Re: 回复:Re: Build SPARK from source with SBT failed

2023-03-07 Thread Sean Owen
No, it's that JAVA_HOME wasn't set to .../Home. It is simply not finding
javac, in the error. Zulu supports M1.

On Tue, Mar 7, 2023 at 9:05 AM Artemis User  wrote:

> Looks like Maven build did find the javac, just can't run it.  So it's not
> a path problem but a compatibility problem.  Are you doing this on a Mac
> with M1/M2?  I don't think that Zulu JDK supports Apple silicon.   Your
> best option would be to use homebrew to install the dev tools (including
> OpenJDK) on Mac.  On Ubuntu, it seems still the compatibility problem.  Try
> to use the apt to install your dev tools, don't do it manually.  If you
> manually install JDK, it doesn't install hardware-optimized JVM libraries.
>
> On 3/7/23 8:21 AM, ckgppl_...@sina.cn wrote:
>
> No. I haven't installed Apple Developer Tools. I have installed Zulu
> OpenJDK 11.0.17 manually.
> So I need to install Apple Developer Tools?
> - 原始邮件 -
> 发件人:Sean Owen  
> 收件人:ckgppl_...@sina.cn
> 抄送人:user  
> 主题:Re: Build SPARK from source with SBT failed
> 日期:2023年03月07日 20点58分
>
> This says you don't have the java compiler installed. Did you install the
> Apple Developer Tools package?
>
> On Tue, Mar 7, 2023 at 1:42 AM  wrote:
>
> Hello,
>
> I have tried to build SPARK source codes with SBT in my local dev
> environment (MacOS 13.2.1).
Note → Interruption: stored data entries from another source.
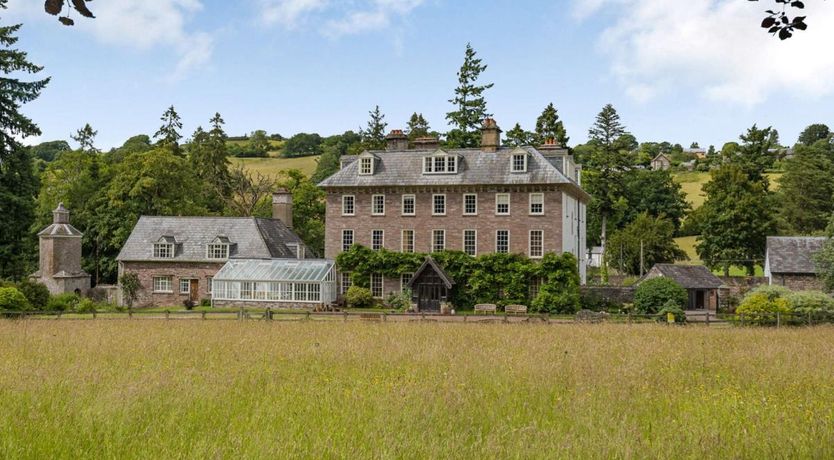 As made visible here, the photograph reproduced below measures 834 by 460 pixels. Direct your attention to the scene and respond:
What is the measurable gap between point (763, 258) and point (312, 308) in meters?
40.4

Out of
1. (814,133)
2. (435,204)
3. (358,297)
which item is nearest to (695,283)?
(435,204)

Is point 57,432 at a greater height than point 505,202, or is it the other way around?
point 505,202

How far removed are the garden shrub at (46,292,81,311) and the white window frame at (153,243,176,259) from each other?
533 centimetres

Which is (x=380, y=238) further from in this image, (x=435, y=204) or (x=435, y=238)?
(x=435, y=204)

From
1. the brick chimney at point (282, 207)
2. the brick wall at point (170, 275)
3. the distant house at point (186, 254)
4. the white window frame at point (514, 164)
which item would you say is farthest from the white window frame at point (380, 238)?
the brick chimney at point (282, 207)

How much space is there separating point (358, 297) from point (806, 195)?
52.2 m

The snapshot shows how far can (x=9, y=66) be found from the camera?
154 ft

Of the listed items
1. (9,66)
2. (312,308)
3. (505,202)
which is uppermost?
(9,66)

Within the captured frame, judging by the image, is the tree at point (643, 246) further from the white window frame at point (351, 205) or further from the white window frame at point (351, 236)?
the white window frame at point (351, 205)

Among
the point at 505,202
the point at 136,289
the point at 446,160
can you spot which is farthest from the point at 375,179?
the point at 136,289

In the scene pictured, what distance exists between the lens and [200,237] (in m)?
49.2

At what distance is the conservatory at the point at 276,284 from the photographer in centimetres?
4450

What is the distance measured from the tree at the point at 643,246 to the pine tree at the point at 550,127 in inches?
409

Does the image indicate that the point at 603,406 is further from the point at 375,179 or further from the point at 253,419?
the point at 375,179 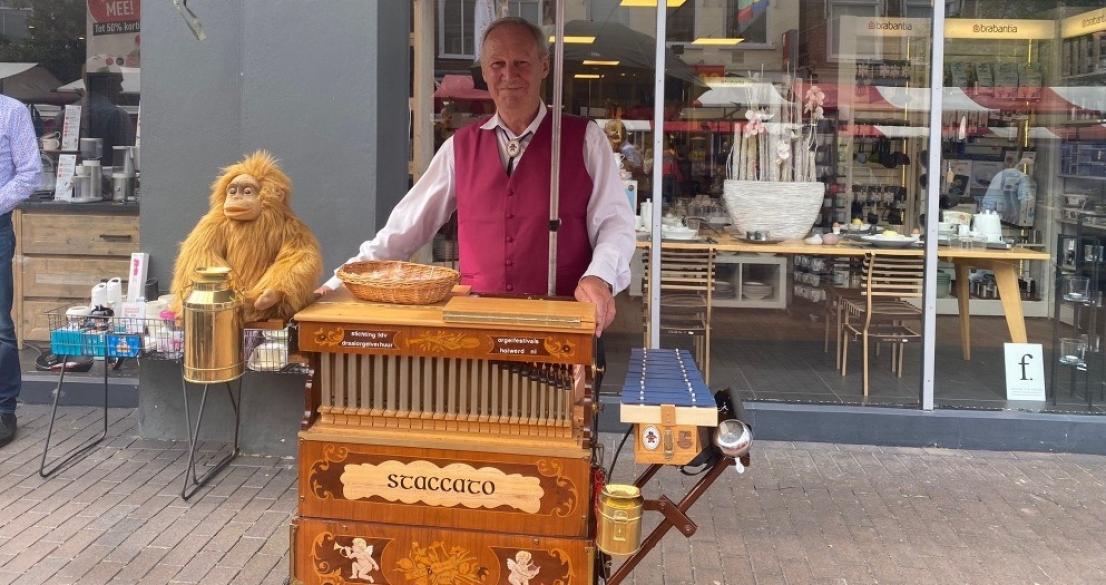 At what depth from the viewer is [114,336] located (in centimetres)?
487

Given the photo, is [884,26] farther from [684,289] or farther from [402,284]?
[402,284]

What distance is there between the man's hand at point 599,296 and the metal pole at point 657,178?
311cm

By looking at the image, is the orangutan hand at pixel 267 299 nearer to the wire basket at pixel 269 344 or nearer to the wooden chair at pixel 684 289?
the wire basket at pixel 269 344

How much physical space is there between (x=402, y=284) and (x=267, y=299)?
0.50 m

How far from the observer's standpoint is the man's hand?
121 inches

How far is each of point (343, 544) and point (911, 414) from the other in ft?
13.5

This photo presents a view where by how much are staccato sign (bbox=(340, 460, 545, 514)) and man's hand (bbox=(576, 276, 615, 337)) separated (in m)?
0.54

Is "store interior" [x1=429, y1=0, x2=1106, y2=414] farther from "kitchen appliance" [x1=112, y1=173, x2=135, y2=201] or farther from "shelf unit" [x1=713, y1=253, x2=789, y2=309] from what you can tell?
"kitchen appliance" [x1=112, y1=173, x2=135, y2=201]

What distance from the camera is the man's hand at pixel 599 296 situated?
3066 mm

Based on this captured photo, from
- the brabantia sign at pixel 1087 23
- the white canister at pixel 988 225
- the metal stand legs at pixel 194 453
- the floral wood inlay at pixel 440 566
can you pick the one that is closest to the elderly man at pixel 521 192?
the floral wood inlay at pixel 440 566

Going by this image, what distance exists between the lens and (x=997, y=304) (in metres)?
6.37

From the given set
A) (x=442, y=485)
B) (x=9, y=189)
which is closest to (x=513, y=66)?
(x=442, y=485)

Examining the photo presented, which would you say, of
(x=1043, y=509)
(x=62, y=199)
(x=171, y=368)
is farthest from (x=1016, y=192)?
(x=62, y=199)

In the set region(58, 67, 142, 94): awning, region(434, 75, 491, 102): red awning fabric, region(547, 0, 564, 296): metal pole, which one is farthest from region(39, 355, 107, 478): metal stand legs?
region(547, 0, 564, 296): metal pole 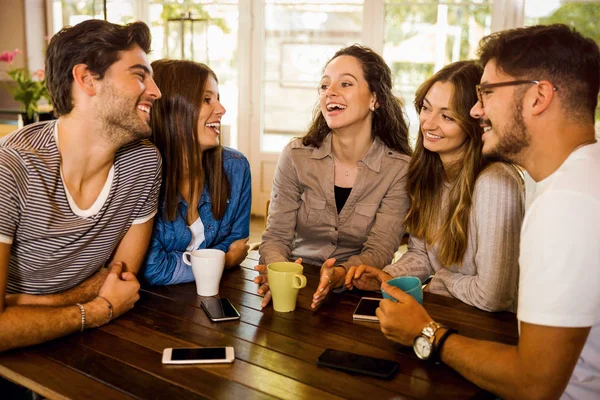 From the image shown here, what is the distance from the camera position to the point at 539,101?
1.22 meters

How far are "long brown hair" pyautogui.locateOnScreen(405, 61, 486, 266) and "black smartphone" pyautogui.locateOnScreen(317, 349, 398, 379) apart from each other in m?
0.72

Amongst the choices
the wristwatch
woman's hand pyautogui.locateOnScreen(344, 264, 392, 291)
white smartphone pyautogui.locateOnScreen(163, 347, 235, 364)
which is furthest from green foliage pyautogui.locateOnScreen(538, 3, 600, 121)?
white smartphone pyautogui.locateOnScreen(163, 347, 235, 364)

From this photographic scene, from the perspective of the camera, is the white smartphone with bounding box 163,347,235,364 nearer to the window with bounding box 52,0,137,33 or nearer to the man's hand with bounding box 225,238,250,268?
the man's hand with bounding box 225,238,250,268

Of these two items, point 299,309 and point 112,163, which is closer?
point 299,309

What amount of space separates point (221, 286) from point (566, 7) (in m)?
4.28

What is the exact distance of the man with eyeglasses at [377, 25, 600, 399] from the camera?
1.07m

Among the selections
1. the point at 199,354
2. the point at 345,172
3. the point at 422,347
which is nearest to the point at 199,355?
the point at 199,354

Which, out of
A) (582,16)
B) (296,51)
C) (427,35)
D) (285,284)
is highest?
(582,16)

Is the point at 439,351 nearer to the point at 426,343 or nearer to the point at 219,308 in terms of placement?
the point at 426,343

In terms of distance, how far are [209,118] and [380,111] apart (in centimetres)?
71

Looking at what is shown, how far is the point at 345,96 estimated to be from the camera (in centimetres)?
223

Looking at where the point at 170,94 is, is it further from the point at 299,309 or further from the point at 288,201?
the point at 299,309

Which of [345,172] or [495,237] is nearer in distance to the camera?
[495,237]

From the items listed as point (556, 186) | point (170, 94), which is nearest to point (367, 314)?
point (556, 186) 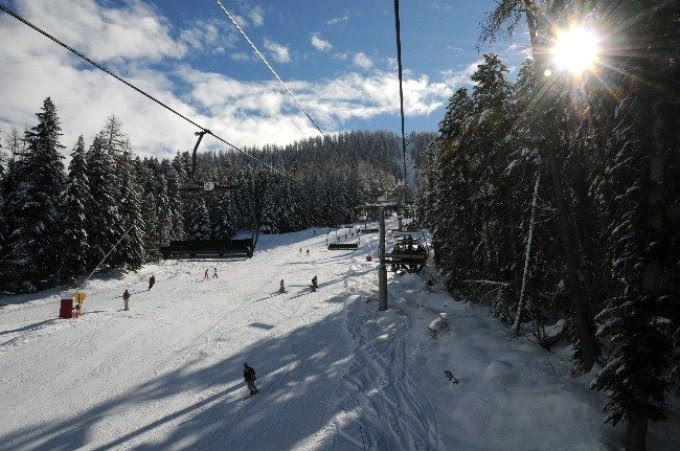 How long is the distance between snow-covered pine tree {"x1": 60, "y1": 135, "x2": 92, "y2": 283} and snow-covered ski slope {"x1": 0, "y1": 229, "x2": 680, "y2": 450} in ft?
30.1

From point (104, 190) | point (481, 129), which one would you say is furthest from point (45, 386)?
point (104, 190)

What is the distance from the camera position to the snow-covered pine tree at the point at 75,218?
30.5 meters

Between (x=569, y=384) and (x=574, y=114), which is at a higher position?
(x=574, y=114)

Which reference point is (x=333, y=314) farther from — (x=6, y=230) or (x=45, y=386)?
(x=6, y=230)

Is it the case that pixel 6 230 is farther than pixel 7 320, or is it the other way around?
pixel 6 230

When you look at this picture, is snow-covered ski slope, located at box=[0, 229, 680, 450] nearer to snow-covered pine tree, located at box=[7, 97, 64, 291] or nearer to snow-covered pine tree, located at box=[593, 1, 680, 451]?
snow-covered pine tree, located at box=[593, 1, 680, 451]

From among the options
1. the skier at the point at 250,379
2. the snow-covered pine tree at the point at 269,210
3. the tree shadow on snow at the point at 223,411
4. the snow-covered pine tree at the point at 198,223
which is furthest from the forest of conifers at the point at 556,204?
the snow-covered pine tree at the point at 269,210

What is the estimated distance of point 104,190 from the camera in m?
34.1

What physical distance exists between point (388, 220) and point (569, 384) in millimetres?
93029

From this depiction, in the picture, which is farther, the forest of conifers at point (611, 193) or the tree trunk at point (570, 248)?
the tree trunk at point (570, 248)

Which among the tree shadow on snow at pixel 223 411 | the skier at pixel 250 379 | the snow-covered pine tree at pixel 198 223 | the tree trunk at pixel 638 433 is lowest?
the tree shadow on snow at pixel 223 411

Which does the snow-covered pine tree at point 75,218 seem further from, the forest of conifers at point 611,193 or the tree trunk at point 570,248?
the tree trunk at point 570,248

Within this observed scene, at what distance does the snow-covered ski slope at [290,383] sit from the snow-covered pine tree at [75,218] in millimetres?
9173

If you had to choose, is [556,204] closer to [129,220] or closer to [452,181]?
[452,181] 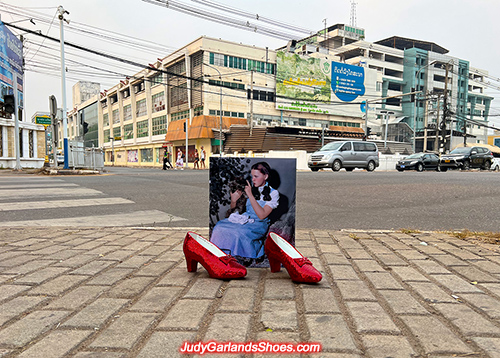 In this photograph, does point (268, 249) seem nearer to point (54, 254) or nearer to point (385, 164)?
point (54, 254)

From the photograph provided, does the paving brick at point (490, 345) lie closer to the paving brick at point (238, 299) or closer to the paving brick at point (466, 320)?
the paving brick at point (466, 320)

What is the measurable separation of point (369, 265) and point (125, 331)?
187cm

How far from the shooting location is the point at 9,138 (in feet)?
85.5

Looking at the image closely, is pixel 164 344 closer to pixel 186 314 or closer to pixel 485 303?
pixel 186 314

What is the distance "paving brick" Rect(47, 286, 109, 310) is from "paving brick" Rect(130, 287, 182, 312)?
31 centimetres

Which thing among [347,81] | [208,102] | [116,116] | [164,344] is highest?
[347,81]

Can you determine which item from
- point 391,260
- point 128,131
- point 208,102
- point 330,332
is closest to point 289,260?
point 330,332

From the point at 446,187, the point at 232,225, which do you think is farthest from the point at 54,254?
the point at 446,187

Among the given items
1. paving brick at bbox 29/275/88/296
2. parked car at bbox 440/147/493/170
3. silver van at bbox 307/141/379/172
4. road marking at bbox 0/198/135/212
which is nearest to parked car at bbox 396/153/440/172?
parked car at bbox 440/147/493/170

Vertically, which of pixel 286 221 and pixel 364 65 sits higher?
pixel 364 65

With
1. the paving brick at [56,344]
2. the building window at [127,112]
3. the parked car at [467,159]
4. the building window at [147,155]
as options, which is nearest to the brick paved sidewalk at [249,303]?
the paving brick at [56,344]

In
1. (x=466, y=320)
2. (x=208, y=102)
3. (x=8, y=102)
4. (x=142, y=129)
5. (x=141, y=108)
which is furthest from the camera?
(x=142, y=129)

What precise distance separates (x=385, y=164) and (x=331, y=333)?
3505cm

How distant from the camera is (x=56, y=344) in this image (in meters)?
1.47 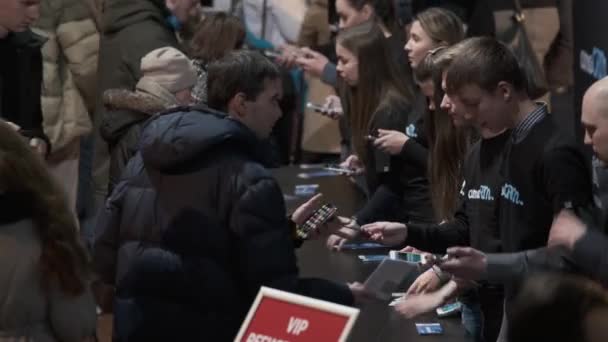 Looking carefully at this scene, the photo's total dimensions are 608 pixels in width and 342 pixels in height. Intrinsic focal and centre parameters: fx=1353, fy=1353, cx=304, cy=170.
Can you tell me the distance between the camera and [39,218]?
3791 millimetres

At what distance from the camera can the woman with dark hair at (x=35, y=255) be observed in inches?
147

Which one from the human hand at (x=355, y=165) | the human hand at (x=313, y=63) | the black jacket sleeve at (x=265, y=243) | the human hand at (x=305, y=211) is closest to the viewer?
the black jacket sleeve at (x=265, y=243)

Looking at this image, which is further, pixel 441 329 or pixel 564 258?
pixel 441 329

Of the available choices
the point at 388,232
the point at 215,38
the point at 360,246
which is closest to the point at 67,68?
the point at 215,38

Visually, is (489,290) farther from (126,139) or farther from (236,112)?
(126,139)

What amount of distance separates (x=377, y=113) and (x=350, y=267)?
1.14 meters

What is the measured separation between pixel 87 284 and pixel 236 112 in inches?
29.8

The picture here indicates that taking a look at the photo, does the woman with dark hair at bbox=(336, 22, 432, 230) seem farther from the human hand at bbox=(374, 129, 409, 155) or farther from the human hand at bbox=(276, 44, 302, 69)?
the human hand at bbox=(276, 44, 302, 69)

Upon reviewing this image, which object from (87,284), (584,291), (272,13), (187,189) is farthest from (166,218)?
(272,13)

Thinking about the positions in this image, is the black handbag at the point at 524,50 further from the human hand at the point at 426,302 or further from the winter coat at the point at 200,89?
the human hand at the point at 426,302

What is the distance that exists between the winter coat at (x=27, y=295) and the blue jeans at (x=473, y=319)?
5.13 feet

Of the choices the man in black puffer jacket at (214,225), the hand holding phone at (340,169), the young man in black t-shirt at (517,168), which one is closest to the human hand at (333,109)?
the hand holding phone at (340,169)

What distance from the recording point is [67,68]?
26.1 ft

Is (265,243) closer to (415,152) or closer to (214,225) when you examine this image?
(214,225) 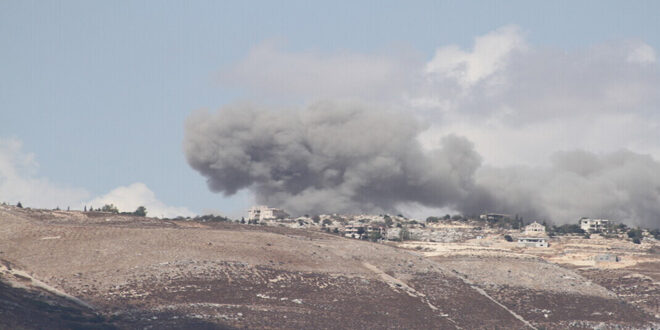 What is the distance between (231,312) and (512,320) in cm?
3953

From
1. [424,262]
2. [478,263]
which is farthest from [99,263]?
[478,263]

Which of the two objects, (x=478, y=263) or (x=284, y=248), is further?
(x=478, y=263)

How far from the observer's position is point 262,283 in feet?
358

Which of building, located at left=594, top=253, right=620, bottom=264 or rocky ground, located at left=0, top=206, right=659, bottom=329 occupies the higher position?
building, located at left=594, top=253, right=620, bottom=264

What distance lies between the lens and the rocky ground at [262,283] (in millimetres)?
94375

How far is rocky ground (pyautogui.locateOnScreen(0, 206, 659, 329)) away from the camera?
9438 cm

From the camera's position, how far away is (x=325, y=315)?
331 feet

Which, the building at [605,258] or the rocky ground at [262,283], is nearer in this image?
the rocky ground at [262,283]

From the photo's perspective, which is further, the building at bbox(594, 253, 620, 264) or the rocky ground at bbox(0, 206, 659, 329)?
the building at bbox(594, 253, 620, 264)

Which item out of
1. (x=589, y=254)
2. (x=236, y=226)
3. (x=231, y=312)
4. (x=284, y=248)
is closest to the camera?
(x=231, y=312)

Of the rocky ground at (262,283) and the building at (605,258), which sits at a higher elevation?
the building at (605,258)

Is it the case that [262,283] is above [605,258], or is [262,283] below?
below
But it reported following error:
> [error] java.io.IOException: Cannot run program
> "/Library/Java/JavaVirtualMachines/zulu-11.jdk/Contents/bin/javac" (in
> directory "/Users/username/spark-remotemaster"): error=2, No such file or
> directory
>
> [error] at
> java.base/java.lang.ProcessBuilder.start(ProcessBuilder.java:1128)
>
> [error] at
> java.base/java.lang.ProcessBuilder.start(ProcessBuilder.java:1071)
>
> [error] at
> scala.sys.process.ProcessBuilderImpl$Simple.run(ProcessBuilderImpl.scala:75)
> [error] at
> scala.sys.process.ProcessBuilderImpl$AbstractBuilder.run(ProcessBuilderImpl.scala:106)
>
> I need to export JAVA_HOME to let it run successfully. But if I use maven
> then I don't need to export JAVA_HOME. I have also tried to build SPARK
> with SBT in Ubuntu X86_64 environment. It reported similar error.
>
> The official SPARK
> documentation  haven't mentioned export JAVA_HOME operation. So I think
> this is a bug which needs documentation or scripts change. Please correct
> me if I am wrong.
>
> Thanks
>
> Liang
>
>
>


Re: 回复:Re: Build SPARK from source with SBT failed

2023-03-07 Thread Artemis User
Looks like Maven build did find the javac, just can't run it.  So it's 
not a path problem but a compatibility problem.  Are you doing this on a 
Mac with M1/M2?  I don't think that Zulu JDK supports Apple silicon.   
Your best option would be to use homebrew to install the dev tools 
(including OpenJDK) on Mac.  On Ubuntu, it seems still the compatibility 
problem.  Try to use the apt to install your dev tools, don't do it 
manually.  If you manually install JDK, it doesn't install 
hardware-optimized JVM libraries.


On 3/7/23 8:21 AM, ckgppl_...@sina.cn wrote:
No. I haven't installed Apple Developer Tools. I have installed Zulu 
OpenJDK 11.0.17 manually.

So I need to install Apple Developer Tools?
- 原始邮件 -
发件人:Sean Owen 
收件人:ckgppl_...@sina.cn
抄送人:user 
主题:Re: Build SPARK from source with SBT failed
日期:2023年03月07日 20点58分

This says you don't have the java compiler installed. Did you install 
the Apple Developer Tools package?


On Tue, Mar 7, 2023 at 1:42 AM  wrote:

Hello,

I have tried to build SPARK source codes with SBT in my local dev
environment (MacOS 13.2.1). But it reported following error:
[error] java.io.IOException: Cannot run program
"/Library/Java/JavaVirtualMachines/zulu-11.jdk/Contents/bin/javac"
(in directory "/Users/username/spark-remotemaster"): error=2, No
such file or directory

[error] at
java.base/java.lang.ProcessBuilder.start(ProcessBuilder.java:1128)

[error] at
java.base/java.lang.ProcessBuilder.start(ProcessBuilder.java:1071)

[error] at
scala.sys.process.ProcessBuilderImpl$Simple.run(ProcessBuilderImpl.scala:75)

[error] at

scala.sys.process.ProcessBuilderImpl$AbstractBuilder.run(ProcessBuilderImpl.scala:106)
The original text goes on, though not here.